A project aimed at implementing a centralized scheduling framework that maintains and manages a master node and multiple worker nodes, all simulated as different processes on a single machine. The Master node receives job requests, which are scheduled on multiple slots across the available worker machines. The Master process consists of separate threads to listen to requests, to schedule map, and reduce tasks, and to listen to job completion information from workers. The Worker process listens to job allocation information and simulates execution. The job requests consist of map and reduce tasks with the dependency that the reduce tasks be executed only after the completion of the corresponding map tasks. The project involved the implementation of 3 different scheduling algorithms, namely Least loaded, Round-Robin, and Randomised Scheduling algorithms. This project was developed and implemented as part of the Big Data Course during my Undergraduate Study.

Implementation Details

The project involved the implementation of two Python programs - master.py and worker.py which perform the functions of the Master and a Worker machine respectively. These programs are independent of each other and can run on separate machines if required.

master.py

This program essentially consists of 4 separate threads to carry out the following tasks:

  1. JobListener: Listens to job requests
  2. JobScheduler: Starts a job and schedules its map tasks on the workers
  3. ReduceTaskScheduler: Schedules the reduce tasks on the workers
  4. WorkerManager: Listens to job completion updates from the workers

It also contains the implementation of the 3 scheduling algorithms (Random, Round-Robin, and Least Loaded).

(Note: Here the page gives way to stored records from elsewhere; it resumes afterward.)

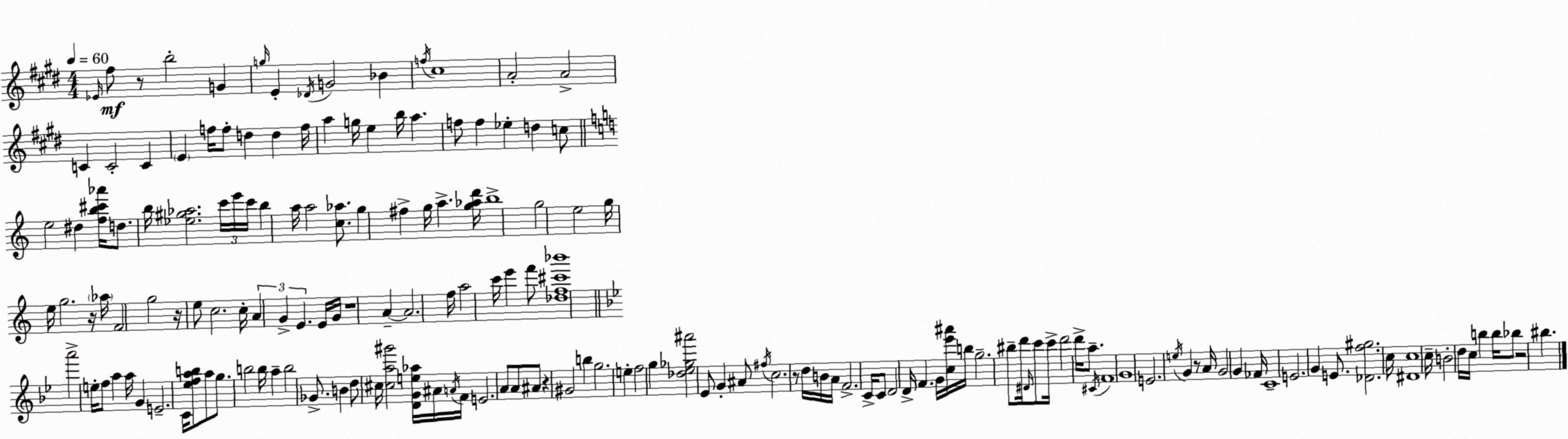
X:1
T:Untitled
M:4/4
L:1/4
K:E
_E/4 ^f/2 z/2 b2 G g/4 E _D/4 G2 _B f/4 ^c4 A2 A2 C C2 C E f/4 f/2 d d f/4 a g/4 e b/4 a f/2 f _e d c/2 e2 ^d [fb^c'_a']/4 d/2 b/4 [_e^g_a]2 c'/4 e'/4 c'/4 b a/4 a2 [c_a]/2 g ^f g/4 a [g_ad']/4 b4 g2 e2 g/4 e/4 g2 z/4 _a/4 F2 g2 z/4 e/2 c2 c/4 A G E E/4 G/4 z4 A A2 f/4 a2 c'/4 e' f'/2 [_df^c'_b']4 a'2 e/4 f/2 a a/4 G E2 C/4 [_efab]/2 a/2 g/2 b2 b/4 a b2 _G/2 B d/2 ^c/4 [^ca^g']2 [DGe_a]/4 ^A/4 A/4 F/4 E2 A/2 A/2 ^A/2 z ^G2 b g2 e f2 g [_d_e_g^a']2 _E/2 G ^A/2 ^f/4 c2 z/2 d/4 B/4 A/4 F2 C/4 C/2 D2 D/4 F G/4 [c_e'^a']/4 b/4 g2 ^b/2 d'/4 ^D/4 c'/2 c'/4 d'2 d'/4 a/2 ^C/4 F4 G4 E2 e/4 G z/2 A/4 G2 G _F/4 C4 E2 G E/2 [_Df^g]2 c/4 [^Dc]4 c/4 B2 d/4 c/4 b b/4 _b/2 z2 ^b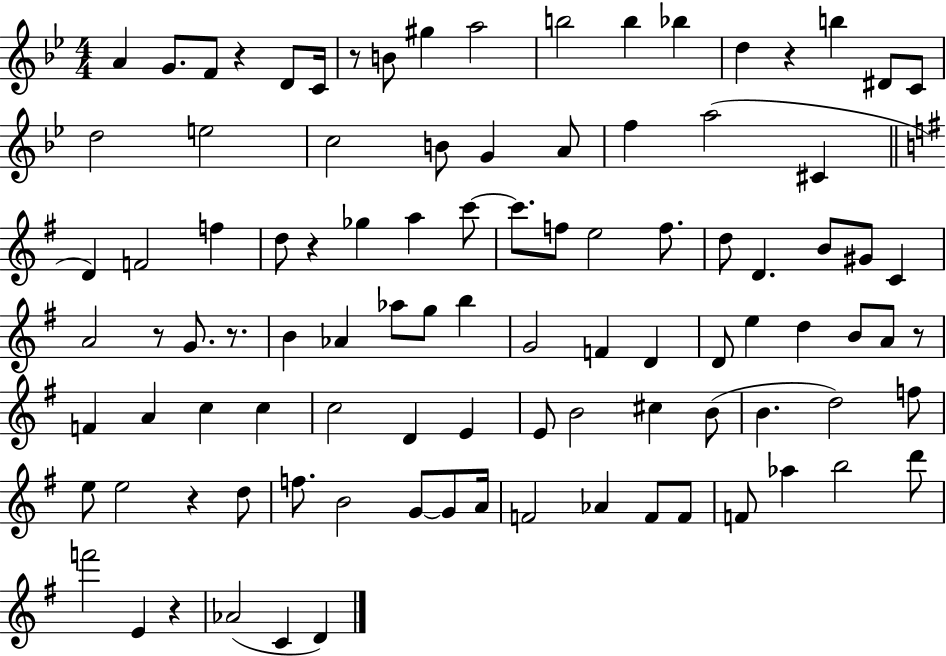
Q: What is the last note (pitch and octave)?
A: D4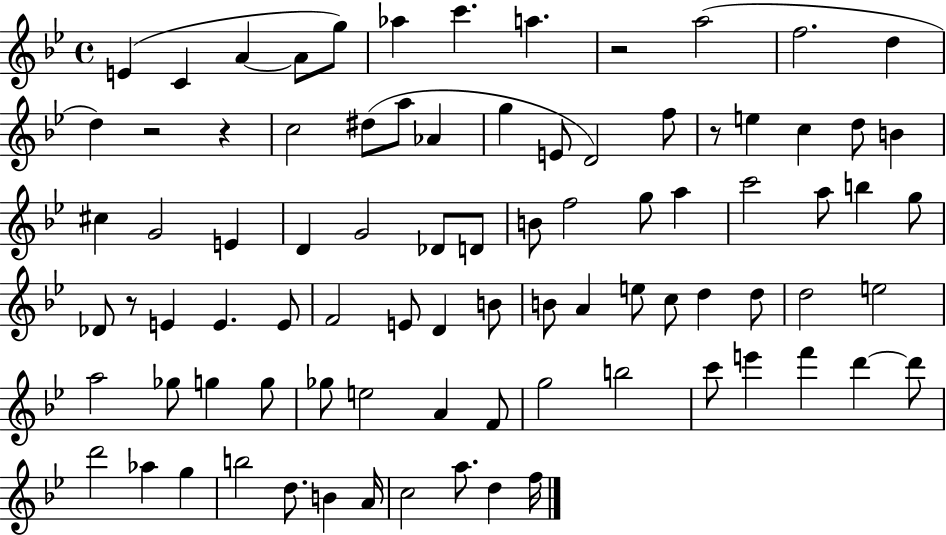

The JobListener thread performs the following tasks in order:

  • Listen to incoming job requests through specified port (in this case, port 5000).
  • Initially append only the map tasks into the Map tasks queue.

The JobScheduler thread performs the following tasks in order:

  • Run the scheduler function to determine the workers to which the map tasks can be allocated and then send the current task information to the allotted Worker.
  • Update new allotment information by calling the Scheduler function again. Repeat until all the map tasks are allotted to Workers.
  • If there are no free slots available in any of the workers (as returned from the Scheduler function), make the Master wait for 1 second, before it again polls and tries to find if any slots become free.

The ReduceTaskScheduler thread performs the following tasks in order:

  • Run the scheduler function to determine the workers to which the reduce tasks can be allocated and then send the current task information to the allotted Worker.
  • Update new allotment information by calling the Scheduler function again. Repeat until all the reduce tasks are allotted to Workers.
  • If there are no free slots available in any of the workers (as returned from the Scheduler function), make the Master wait for 1 second, before it again polls and tries to find if any slots become free.

The WorkerManager thread performs the following tasks in order:

  • Listen to workers regarding updates about task completions. Update related information accordingly (increase free slot count, reduce the count of tasks to be allocated).
  • If all the map tasks of a job are completed, only then append the corresponding reduce tasks of the same job to the reduce tasks queue, which can then be scheduled thereby preserving the task dependency criteria.
  • If the final reduce task is finished, then that particular job is completed and appropriately logged.

The important events with corresponding timestamps logged are as follows:

  • Binding sockets to setup communication between master and job-requests-sender, master and worker
  • Scheduler type for analysis reference
  • When no slots in worker machines are free
  • Starting a new job
  • Sending and receiving task information to and from Workers
  • Ending a job

worker.py

This program simulates the working of the Worker machines. The same program is run multiple times simultaneously to simulate the simultaneous running of multiple Worker machines. This program essentially listens to the job allocation information from the master (on one thread, with a specified port number), and simulates the execution of these tasks by decrementing the task duration and sleeping for 1 second (on a second thread). Meanwhile, it continues to listen to the Master (on the other thread), while each of the slots continues executing their tasks.

Each of the workers logs events into the log file. They log the following information:

  • Starting a map/reduce task and recording the timestamp
  • Ending a map/reduce task and recording the timestamp

Results and Analysis

The task and job execution times shed light on the type of scheduling algorithm used. The tests were run with 3 worker machines, with 3, 7, and 9 slots respectively, for 30 job requests.

The observations were as follows:

  • The Least Loaded scheduling algorithm has the least mean job completion time.
  • The job completion times for Random scheduling vary, highlighting the random nature of this type of scheduling.
  • The Round-Robin scheduling algorithm generally takes the longest time to finish job execution.